Eight minutes ago, the New York Times posted this article about Obama’s speech today in Egypt.  The Israeli lobby has already made its mark, as the article accuses Obama of being too harsh on Israel.

How much longer before he is accused of being anti-Semitic?

The lede:

In opening a bold overture to the Islamic world on Thursday, President Obama confronted frictions between Muslims and the West, but he reserved some of his bluntest words for Israel, as he expressed sympathy for the Palestinians and what he called the “daily humiliations, large and small, that come with occupation.”

While Mr. Obama emphasized that America’s bond with Israel was “unbreakable,” he spoke in equally powerful terms of the Palestinian people, describing their plight as “intolerable” after 60 years of statelessness, and twice referring to “Palestine” in a way that put Palestinians on parallel footing with Israelis.
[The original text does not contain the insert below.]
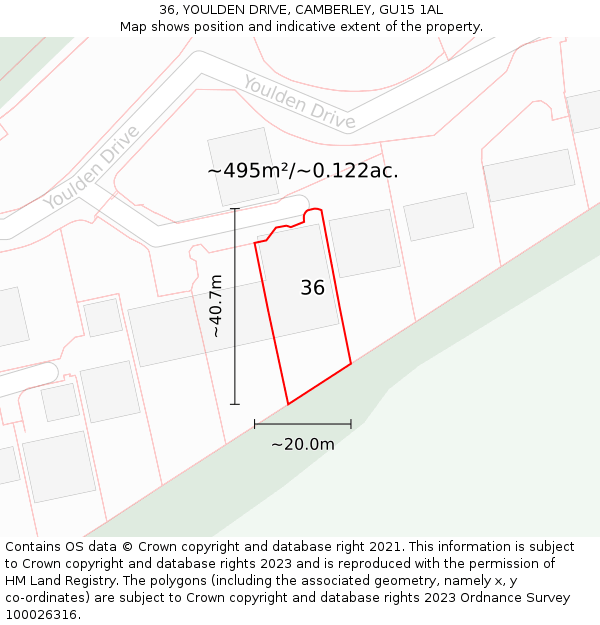 36, YOULDEN DRIVE, CAMBERLEY, GU15 1AL: Plot and title map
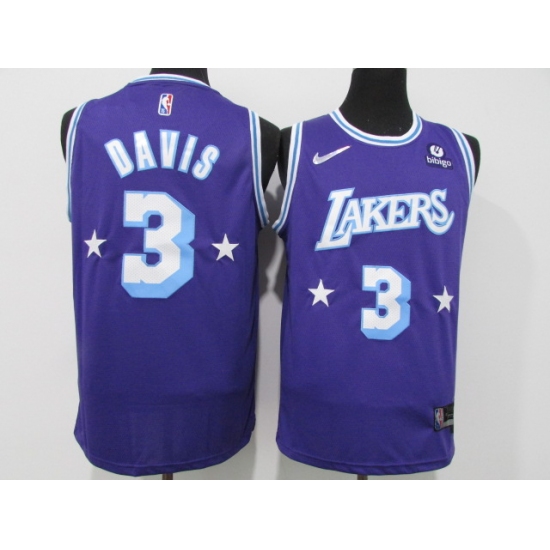 Men's Los Angeles Lakers #3 Anthony Davis Nike Purple 2021-22 Swingman City Jersey - Ujersey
Good forbid that we should put Palestinians on “parallel footing” with Israelis.

It is, in order, the headline, the lede and the conclusion that you must care about in judging an article’s impact.  The headline, online at least, is neutral.  But in addition to the lede, the Israelis got the conclusion, too.

Although Mr. Obama strongly condemned those who would deny the Holocaust, many American supporters of Israel said they resented what they viewed as comparing it to the plight of the Palestinians.

“I understand Palestinian suffering, it is terrible,” said Abraham Foxman, the national director of the Anti-Defamation League. “But it is not on the other hand to the Holocaust.”